We believe our business has benefited from two broad economic trends playing out during the pandemic. The first is the ongoing shift towards online commerce. The second is the shift in consumer demand towards products and away from services. We believe these shifts provided a tailwind to our advertising business in the second half of 2020 given our strength in product verticals sold via online commerce and our lower exposure to service verticals like travel. Looking forward, a moderation or reversal in one or both of these trends could serve as a headwind to our advertising revenue growth.

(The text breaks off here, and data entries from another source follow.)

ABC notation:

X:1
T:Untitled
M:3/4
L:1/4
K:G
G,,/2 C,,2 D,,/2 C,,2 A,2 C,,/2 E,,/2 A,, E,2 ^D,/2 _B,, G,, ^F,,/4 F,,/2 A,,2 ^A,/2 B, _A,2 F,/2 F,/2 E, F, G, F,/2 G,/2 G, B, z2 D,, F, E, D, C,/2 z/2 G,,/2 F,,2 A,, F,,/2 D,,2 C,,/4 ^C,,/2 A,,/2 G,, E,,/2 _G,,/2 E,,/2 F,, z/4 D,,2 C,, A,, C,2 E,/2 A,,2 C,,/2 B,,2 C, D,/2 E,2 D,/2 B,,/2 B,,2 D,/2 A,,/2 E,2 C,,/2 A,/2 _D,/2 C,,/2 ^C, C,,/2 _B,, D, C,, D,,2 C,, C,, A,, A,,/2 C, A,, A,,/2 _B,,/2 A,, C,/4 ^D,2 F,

At the same time, in the first half of 2021, we will be lapping a period of growth that was negatively impacted by reduced advertising demand during the early stages of the pandemic. As a result, we expect year-over-year growth rates in total revenue to remain stable or modestly accelerate sequentially in the first and second quarters of 2021. In the second half of the year, we will lap periods of increasingly strong growth, which will significantly pressure year-over-year growth rates.
We also expect to face more significant ad targeting headwinds in 2021. This includes the impact of platform changes, notably iOS 14, as well as the evolving regulatory landscape. While the timing of the iOS 14 changes remains uncertain, we would expect to see an impact beginning late in the first quarter.

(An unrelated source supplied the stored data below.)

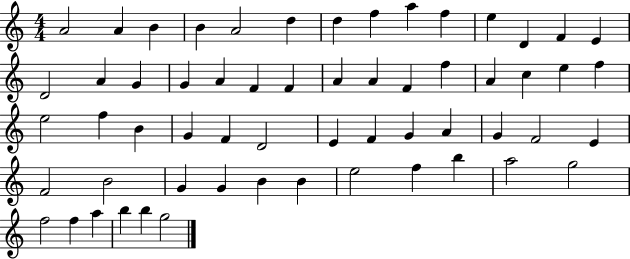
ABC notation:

X:1
T:Untitled
M:4/4
L:1/4
K:C
A2 A B B A2 d d f a f e D F E D2 A G G A F F A A F f A c e f e2 f B G F D2 E F G A G F2 E F2 B2 G G B B e2 f b a2 g2 f2 f a b b g2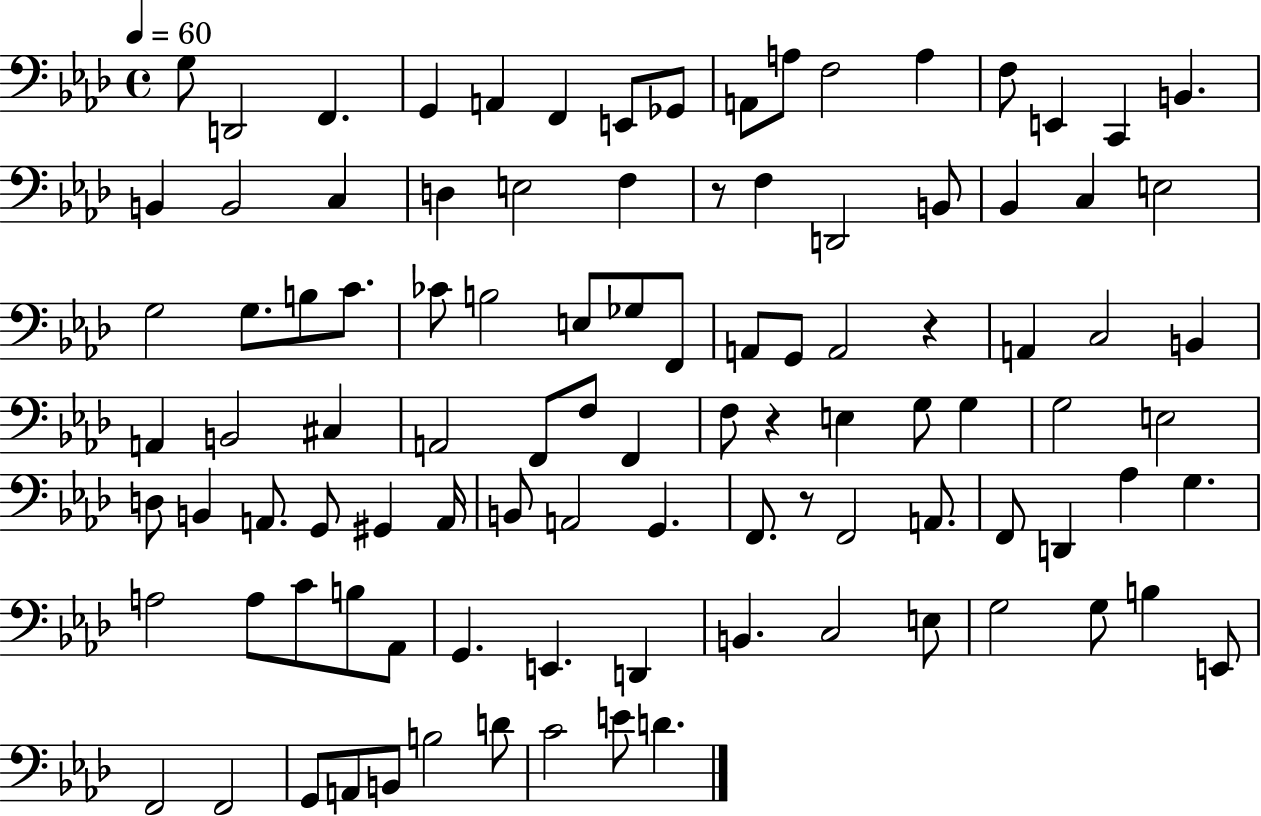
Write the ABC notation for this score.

There is also continuing uncertainty around the viability of transatlantic data transfers in light of recent European regulatory developments, and like other companies in our industry, we are closely monitoring the potential impact on our European operations as these developments progress.

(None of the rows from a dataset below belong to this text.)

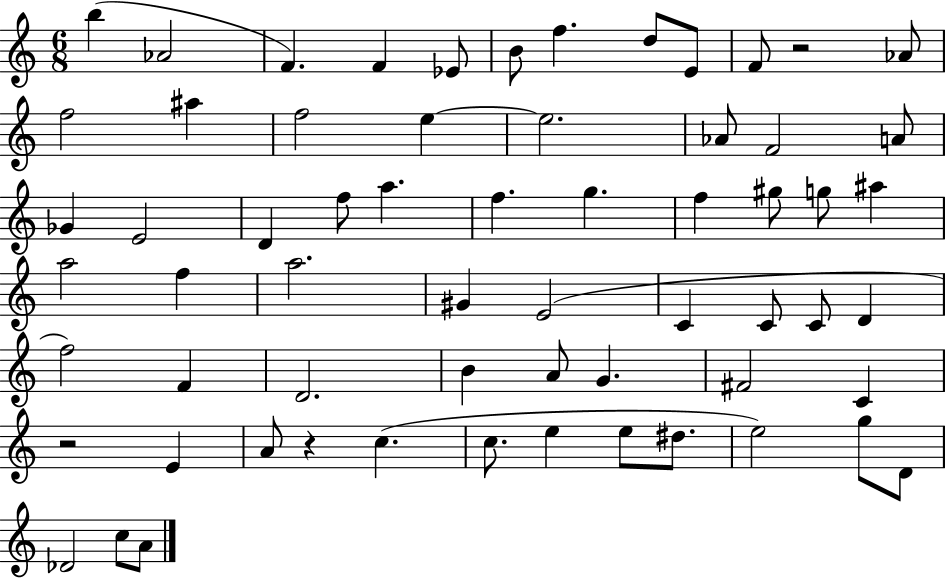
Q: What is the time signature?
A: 6/8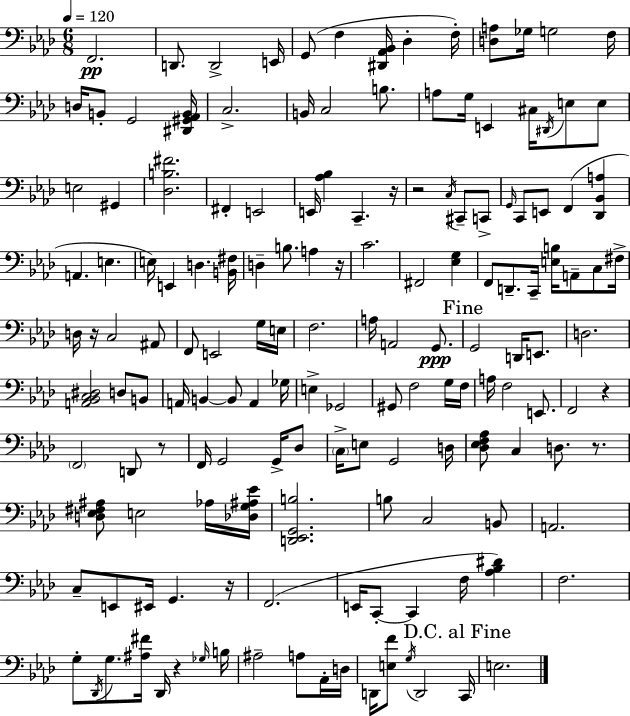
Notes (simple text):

F2/h. D2/e. D2/h E2/s G2/e F3/q [D#2,Ab2,Bb2]/s Db3/q F3/s [D3,A3]/e Gb3/s G3/h F3/s D3/s B2/e G2/h [D#2,G#2,Ab2,B2]/s C3/h. B2/s C3/h B3/e. A3/e G3/s E2/q C#3/s D#2/s E3/e E3/e E3/h G#2/q [Db3,B3,F#4]/h. F#2/q E2/h E2/s [Ab3,Bb3]/q C2/q. R/s R/h C3/s C#2/e C2/e G2/s C2/e E2/e F2/q [Db2,Bb2,A3]/q A2/q. E3/q. E3/s E2/q D3/q. [B2,F#3]/s D3/q B3/e. A3/q R/s C4/h. F#2/h [Eb3,G3]/q F2/e D2/e. C2/s [E3,B3]/s A2/e C3/e F#3/s D3/s R/s C3/h A#2/e F2/e E2/h G3/s E3/s F3/h. A3/s A2/h G2/e. G2/h D2/s E2/e. D3/h. [A2,Bb2,C3,D#3]/h D3/e B2/e A2/s B2/q B2/e A2/q Gb3/s E3/q Gb2/h G#2/e F3/h G3/s F3/s A3/s F3/h E2/e. F2/h R/q F2/h D2/e R/e F2/s G2/h G2/s Db3/e C3/s E3/e G2/h D3/s [Db3,Eb3,F3,Ab3]/e C3/q D3/e. R/e. [D3,Eb3,F#3,A#3]/e E3/h Ab3/s [Db3,G3,A#3,Eb4]/s [D2,Eb2,G2,B3]/h. B3/e C3/h B2/e A2/h. C3/e E2/e EIS2/s G2/q. R/s F2/h. E2/s C2/e C2/q F3/s [Ab3,Bb3,D#4]/q F3/h. G3/e Db2/s G3/e. [A#3,F#4]/s Db2/s R/q Gb3/s B3/s A#3/h A3/e Ab2/s D3/s D2/s [E3,F4]/e G3/s D2/h C2/s E3/h.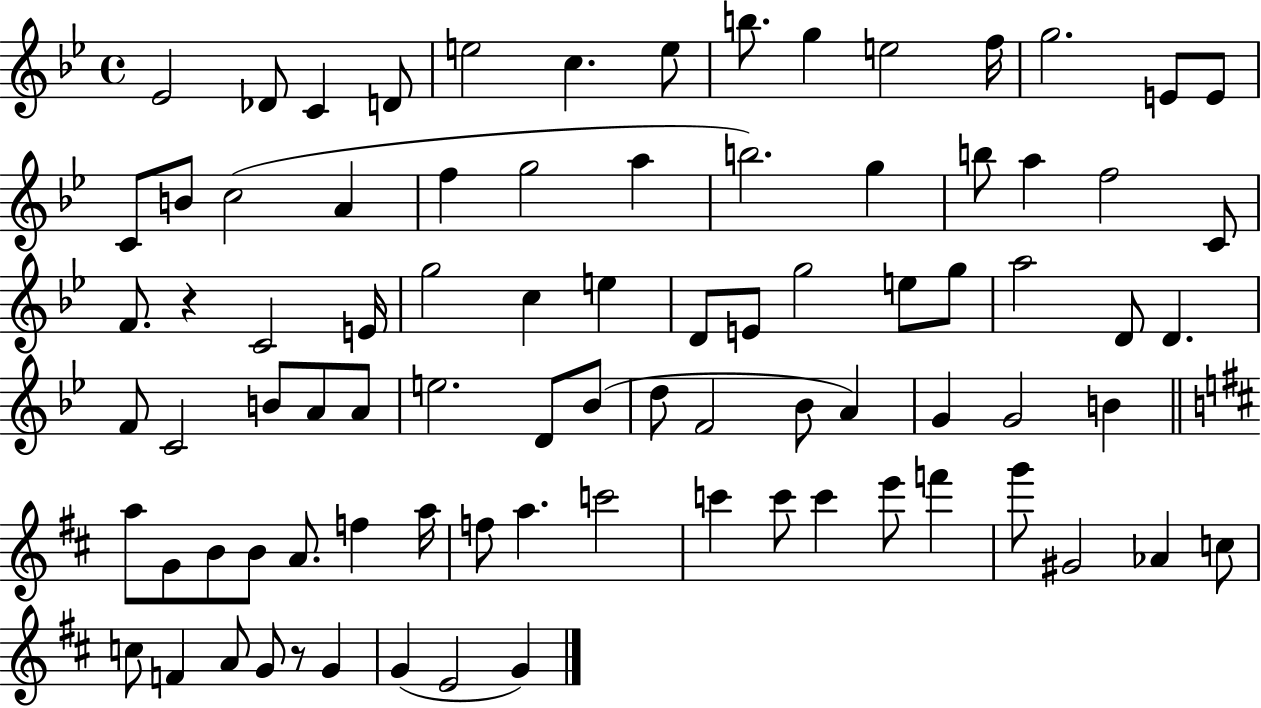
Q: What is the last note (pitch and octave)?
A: G4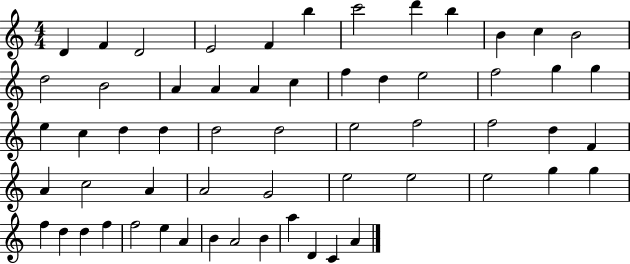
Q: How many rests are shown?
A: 0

We expect 2021 total expenses to be in the range of $68-73 billion, unchanged from our prior outlook. This is driven by investments in technical and product talent as well as continued growth in infrastructure costs.We continue to expect 2021 capital expenditures to be in the range of $21-23 billion, driven by data centers, servers, network infrastructure, and office facilities. Our outlook includes spend that was delayed from 2020 due to the impact of the pandemic on our construction efforts.
We continue to expect our full-year 2021 tax rate to be in the high-teens.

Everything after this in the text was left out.